Panorama Studios se lance enfin en tamoul, et le studio n’a pas choisi la voie pépère du drame familial : il attaque direct par l’horreur psychologique, avec Trisha Krishnan en tête d’affiche et Londres en terrain de jeu. Oui, on parle bien d’un premier coup dans une langue régionale majeure, et pas d’un petit galop d’essai pour faire joli dans le dossier de presse.

Pour situer un peu le décor, Panorama Studios n’est pas exactement un nouveau venu dans le cinéma indien. La société, connue pour ses productions en hindi et ses incursions dans des formats commerciaux bien huilés, s’offre ici une première en tamoul, marché massif, ultra-compétitif, où l’identité linguistique compte autant que le casting. Le choix de Trisha Krishnan n’a rien d’anodin : l’actrice est depuis longtemps l’une des figures les plus bankable du Sud indien, capable de naviguer entre star system, films de genre et rôles plus feutrés sans perdre sa couronne. À ses côtés, Radhika Sarathkumar et Aparna Balamurali viennent densifier l’ensemble, avec ce genre de trio qui promet moins un simple film à frissons qu’un vrai bras de fer émotionnel. Le tournage a démarré à Londres, ce qui ajoute une couche de dépaysement à une histoire qui, visiblement, préfère les couloirs froids aux maisons hantées en carton-pâte. On sent déjà qu’on ne va pas nous servir du paranormal à la louche.

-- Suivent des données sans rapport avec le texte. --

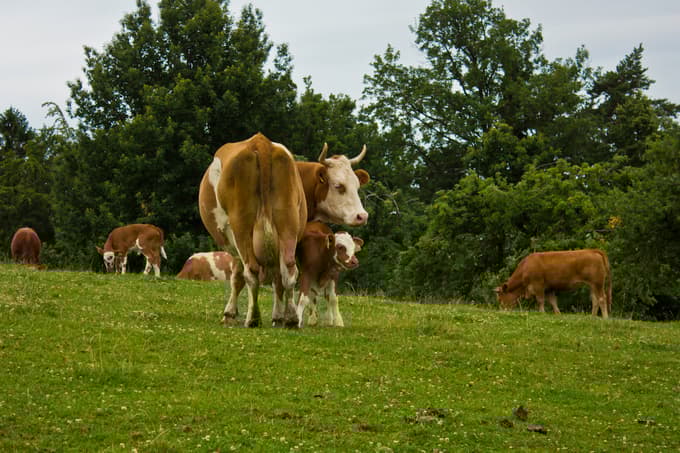 Sprva so začeli z rejo Pohorje Beef, nato pa so začeli širiti ekološko proizvodnjo na zelenjadarstvo, zeliščarstvo, sadjarstvo in kasneje na predelavo ekoloških proizvodov.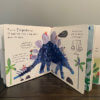 [kaya holistic], Hello Dinosaur Book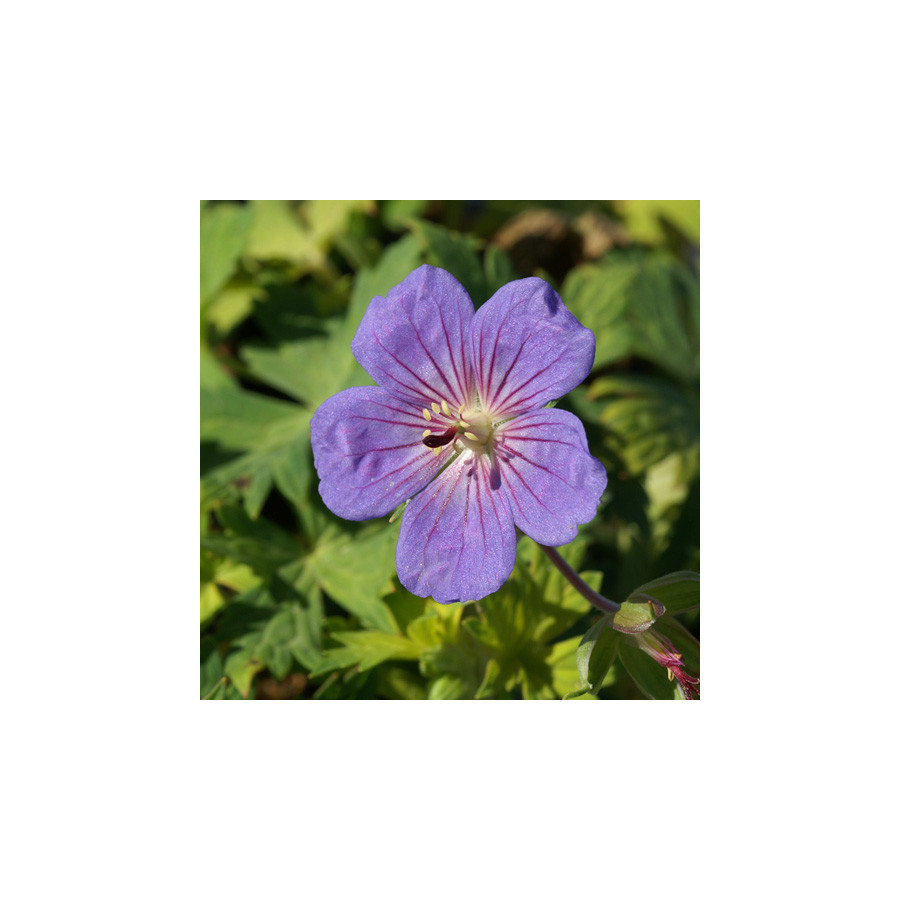 Plantes Vivaces GERANIUM 'Blue Sunrise' ® - Géranium vivace en vente - Bec de Grue en vente - Pépinière Lepage .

Le film est réalisé par Raja Krishna Menon, cinéaste qui sait manier les récits de tension et les contextes sous pression. Son nom évoque une certaine rigueur de mise en scène, un goût pour les dispositifs où le suspense naît moins du grand spectacle que de l’érosion mentale, du doute, de la fissure intime. Autrement dit, le bon terreau pour un psychologique horror qui ne veut pas seulement faire sursauter mais gratter là où ça fait mal. En choisissant Londres comme lieu de prise de vues, la production s’offre aussi un décor qui peut jouer sur l’exil, l’isolement, la déterritorialisation des corps et des affects. Le genre adore ça : une ville étrangère, des repères qui se dérobent, et hop, la machine à fantasmes se met en route.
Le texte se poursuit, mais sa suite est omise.